News reports in 2018 stated the BGB had "54,000 troopers". The 2020 edition of The Military Balance put the force's personnel strength at 38,000, organized in 54 battalions and one riverine company.

Bangladesh–Myanmar border skirmish 2015
On 28 May 2014, during a routine patrol of the BGB in Bandarban District, along the Bangladesh-Myanmar border, Myanmar Border Police began firing on the BGB patrol. The incident took the life of Border Guard Corporal Mizanur Rahman (43). The body of the slain soldier was then carried over the border by Myanmar Border Police. On 30 May upon request of the Myanmar Ambassador to Bangladesh a BGB team was waiting near border pillar no. 52 for identification of the dead body which was proposed by the Myanmar side. However, to the complete surprise of the BGB, Myanmar border forces suddenly started firing on the waiting BGB team without any provocation resulting in the BGB team returning fire. Both sides deescalated and agreed to a cease fire and on the following day Myanmar returned the dead body of BGB Corporal Mizanur Rahman. Bangladesh's Ministry of Foreign Affairs had protested strongly to the Burmese ambassador over the unprovoked eruption of gunfire by Burmese border troops.

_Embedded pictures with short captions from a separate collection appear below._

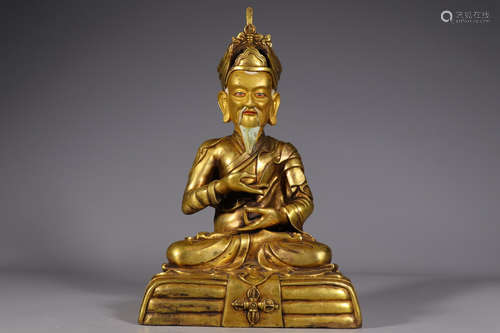 CHINESE GILT BRONZE BUDDHA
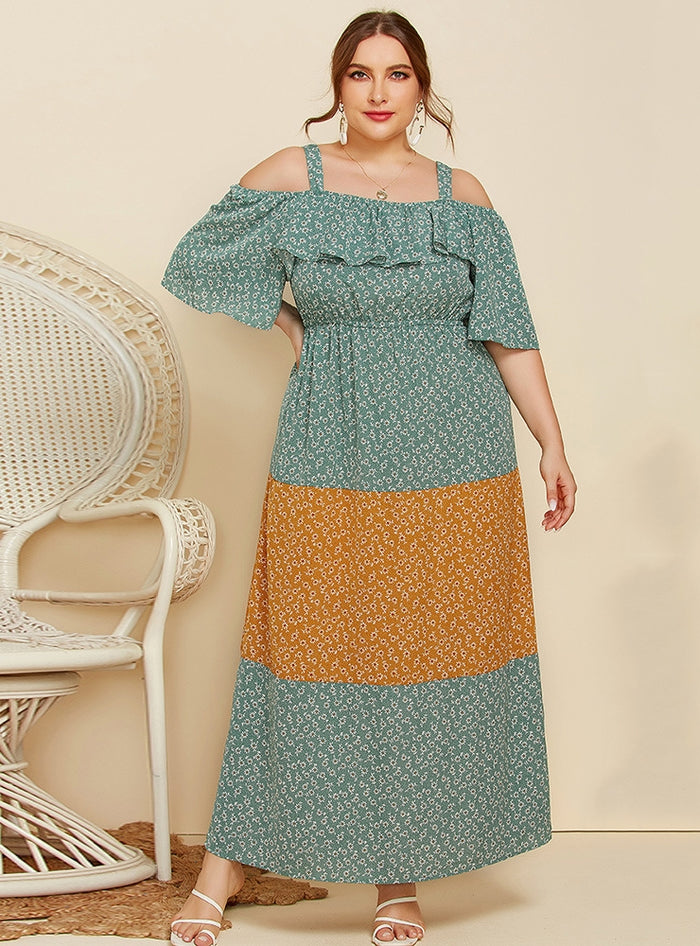 Strap Ruffled Loose Floral Contrast Color Dress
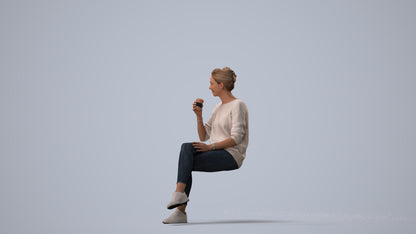 scanned 3D woman casual sitting, photogrammetry people for Enscape and V-Ray, three-quarter view render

Bangladesh–Arakan Army border clash 2015
On 26 August 2015 the Arakan Army, a separatist group in Myanmar, attacked a BGB patrol in Boro Modak, Thanchi, Bandarban. Two border guards were injured in the attack. On 11 May 2015 the BGB camp in Thanchi came under mortar fire, BGB retaliated by firing two rounds towards the border. Indian BSF agreed to allow BGB to use BSF roads in India to patrol the border on 1 August 2016. On 15 November 2016 Border Guards Bangladesh stopped 86 Rohingyas from entering Bangladesh on two boats. On 6 February 2017 BGB protested with their counterparts in Myanmar Border Guard Police, after they shot and killed a Bangladeshi fisherman in the Naf River. BGB deployed its first female border guards on 24 February 2017 in the Dinajpur border area. BGB and Myanmar Police Force came to an agreement on 6 April 2017 to remove mines from the border area.

Women Guards
The force has female soldiers since 2016.

Decorations
The then-East Pakistan Rifles joined the Bangladesh War of Independence on the side of Mukti Bahini in 1971. One hundred and forty one members earned gallantry awards for their outstanding contribution to the liberation war of Bangladesh. Naik Nur Mohammad Sheikh and Naik Munshi Abdur Rouf posthumously earned the Bir Sreshtha, which is the highest gallantry award of the nation. Birshrestha Noor Mohammad Public College and Birshreshtha Munshi Abdur Rouf Public College are educational institutions of the guards named after them. 8 earned the Bir Uttom. 40 earned the Bir Bikram and 91 earned the Bir Protik awards.

Medals 

  Border Guard Bangladesh Padak (Bravery)
 President Border Guard Padak (Bravery)
 Border Guard Bangladesh Padak (Service)
 President Border Guard Padak (Service)
  Bi-Centennial Padak
  Naf Padak

After independence, on 3 March 1972 the force had been renamed as Bangladesh Rifles. As a mark of recognition for the courage and bravery of its members, BDR introduced 'Bangladesh Rifles Podok' in 1985 and President Rifles podok' in 1989. 21 members had received the 'Bangladesh Rifles Podok' 29 had received the 'President Rifles Podok'.

Responsibilities
 Patrolling and securing the border
 Investigating cross border crimes
 Anti-smuggling Operations
 Counter Terrorism
 Domestic law enforcement during national emergencies
 Acting as a reserve force under Ministry of Defence during war

Director Generals

Equipment

Organization
The BGB is commanded by a Major General ranked Bangladesh Army officer. The BGB administration and most of the officer corps are trained and deputed from the Bangladesh Army. There are, however, around 100 officers who are promoted from within the force itself.  They can be promoted as high as deputy director (equivalent to captain in Bangladesh Army.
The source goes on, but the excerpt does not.